WATCH: Corbett's Reckless Policies Lead to Fourth Credit Downgrade
September 25, 2014 | By Mike Mikus, Senior Strategist
On Tuesday, Pennsylvania received it fourth credit downgrade on Tom Corbett's watch. Fitch Ratings dropped Pennsylvania's credit rating from AA to AA-minus -- the lowest it's been since 1997. The agency cited the Corbett administration's recurring budget deficits as the major reason for downgrade. The credit downgrade came on the heels of news that Pennsylvania had to borrow $1.5 billion just two months into the current fiscal year in order to pay bills.
In Monday's debate, Corbett said, "You know, when I ran four years ago, I said I was going run on three principles: fiscal discipline, limited government, and free enterprise. I can proudly say to the people of Pennsylvania I have kept that promise."

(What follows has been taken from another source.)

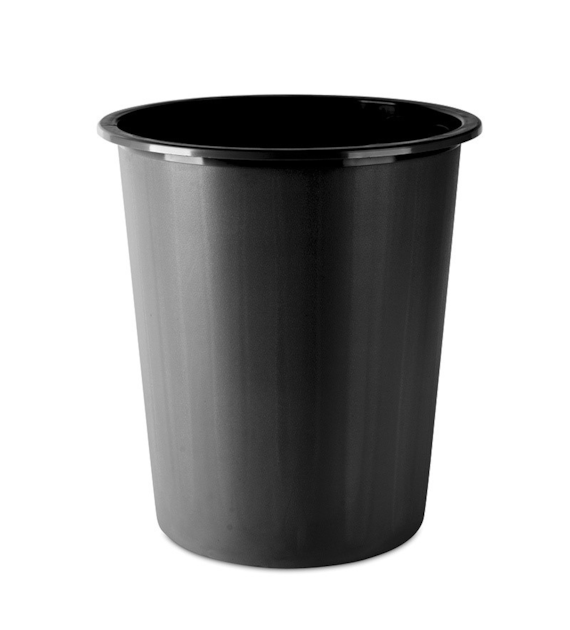 KOSZ NA ŚMIECI PLASTIK PEŁNY 14L  CZARNY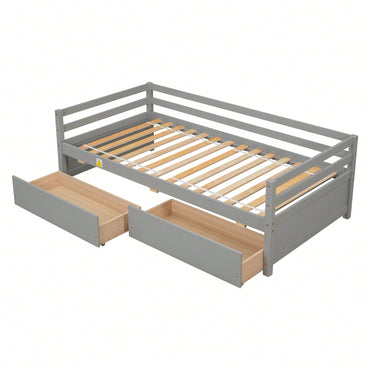 Grey Daybed With Two Storage Drawers For Space-Saving Solutions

Yet the record shows that Tom Corbett has not kept that promise. Here are the real stats on the impact of Corbett's failed fiscal policies:
- Pennsylvania has gone from 7th in the nation in job growth to 47th since Corbett took office
- Pennsylvania has received four credit downgrades from major rating agencies since Corbett took office
- Pennsylvania's general obligation debt ranks in the bottom five of states evaluated by Fitch Ratings
- Pennsylvania was forced to borrow $1.5 billion just two months into the fiscal year -- an unprecedented bailout -- because of Corbett's budget mismanagement
- Pennsylvania faces a massive budget deficit estimated to be $2.7 billion as a result of Corbett's gimmick-ridden budgets
Tom Corbett talks a lot about fiscal responsibility, but the reality is that his policies have been a complete and utter failure for the people of Pennsylvania. Tom Corbett cut $1 billion from public education, and his fiscal policies have led to credit downgrades and more debt. Either way you slice it, Tom Corbett's policies have been a disaster for hardworking Pennsylvanians. So in response to Tom Corbett's claims of fiscal discipline, we say "really?"